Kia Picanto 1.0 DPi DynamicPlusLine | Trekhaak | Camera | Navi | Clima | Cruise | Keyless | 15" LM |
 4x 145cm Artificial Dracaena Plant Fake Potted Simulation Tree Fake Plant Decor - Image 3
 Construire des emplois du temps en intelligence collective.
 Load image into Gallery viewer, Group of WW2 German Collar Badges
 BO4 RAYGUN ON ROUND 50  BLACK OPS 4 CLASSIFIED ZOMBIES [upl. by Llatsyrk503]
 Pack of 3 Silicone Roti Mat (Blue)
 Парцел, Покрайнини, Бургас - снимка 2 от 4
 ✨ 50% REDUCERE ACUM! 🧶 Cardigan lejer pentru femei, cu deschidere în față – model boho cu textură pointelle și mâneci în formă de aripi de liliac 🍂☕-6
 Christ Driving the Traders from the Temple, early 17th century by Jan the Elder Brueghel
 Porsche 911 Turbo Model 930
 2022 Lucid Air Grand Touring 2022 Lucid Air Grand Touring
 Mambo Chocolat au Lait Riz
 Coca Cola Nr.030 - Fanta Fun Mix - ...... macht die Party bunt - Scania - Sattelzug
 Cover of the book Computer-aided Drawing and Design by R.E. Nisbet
· · · · · · ·
Exercise goal. Exactly as written, give again every line from the one containing "Coca Cola Nr.030" through the last line of the material above, and no other lines.

Result of the task.
 Coca Cola Nr.030 - Fanta Fun Mix - ...... macht die Party bunt - Scania - Sattelzug
 Cover of the book Computer-aided Drawing and Design by R.E. Nisbet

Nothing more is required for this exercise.